Data in this exercise ::

========================================

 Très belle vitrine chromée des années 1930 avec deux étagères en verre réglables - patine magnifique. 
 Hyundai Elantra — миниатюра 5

========================================

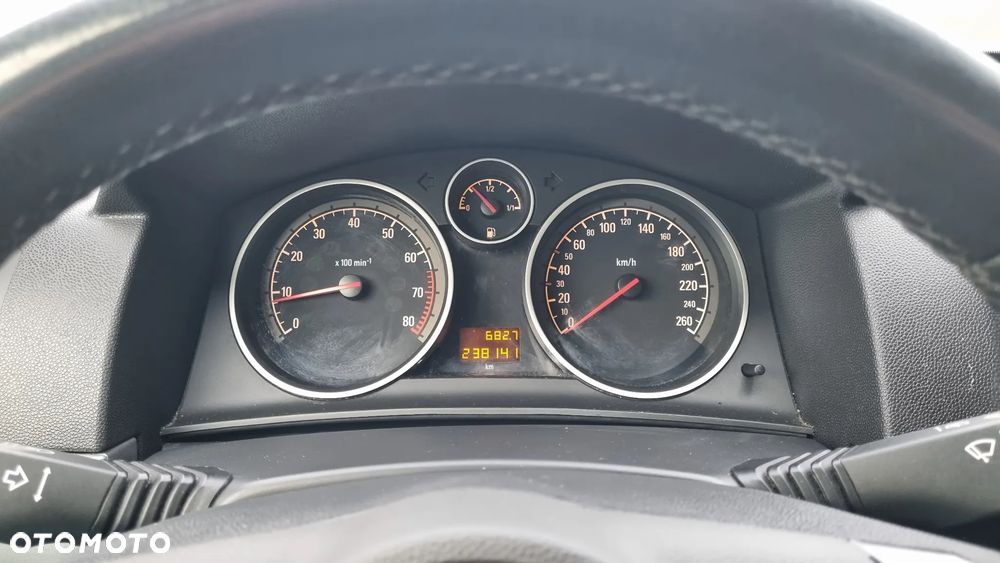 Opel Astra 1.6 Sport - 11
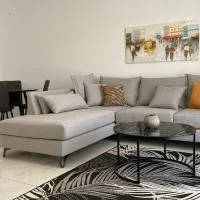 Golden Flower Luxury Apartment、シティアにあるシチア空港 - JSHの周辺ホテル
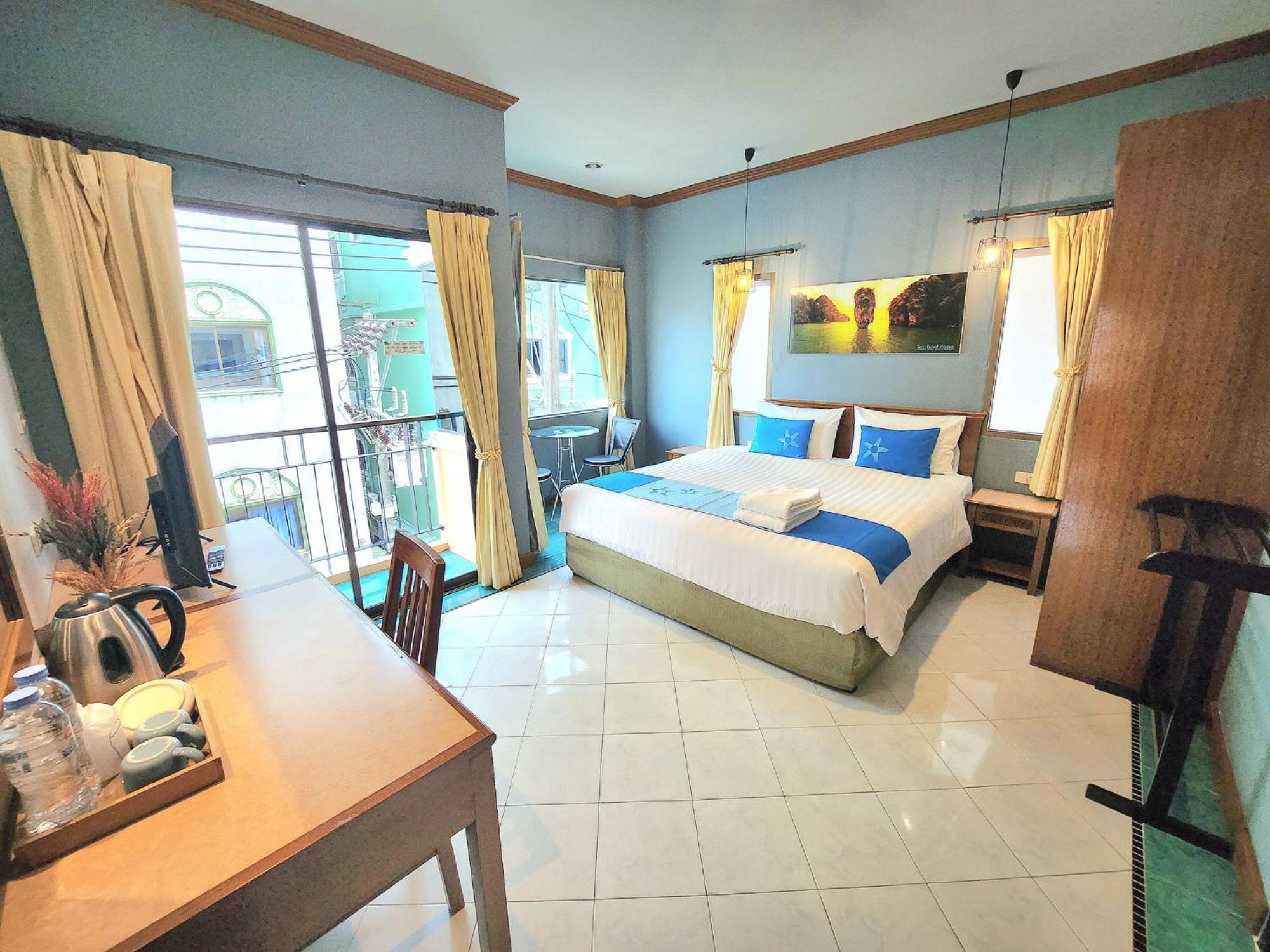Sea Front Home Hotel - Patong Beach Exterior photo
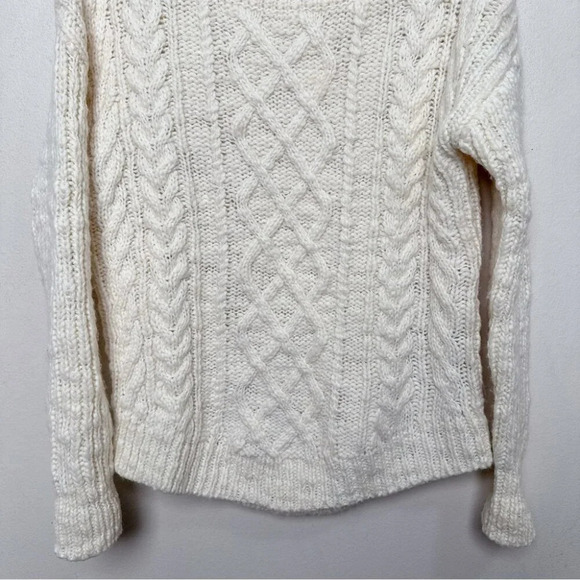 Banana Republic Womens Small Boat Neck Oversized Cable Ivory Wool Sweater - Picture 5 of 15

========================================

What the exercise asks :: Reproduce verbatim the lines above, from the line with "Très belle vitrine" through the line with "Hyundai Elantra — миниатюра 5".

Written reply ::
 Très belle vitrine chromée des années 1930 avec deux étagères en verre réglables - patine magnifique. 
 Hyundai Elantra — миниатюра 5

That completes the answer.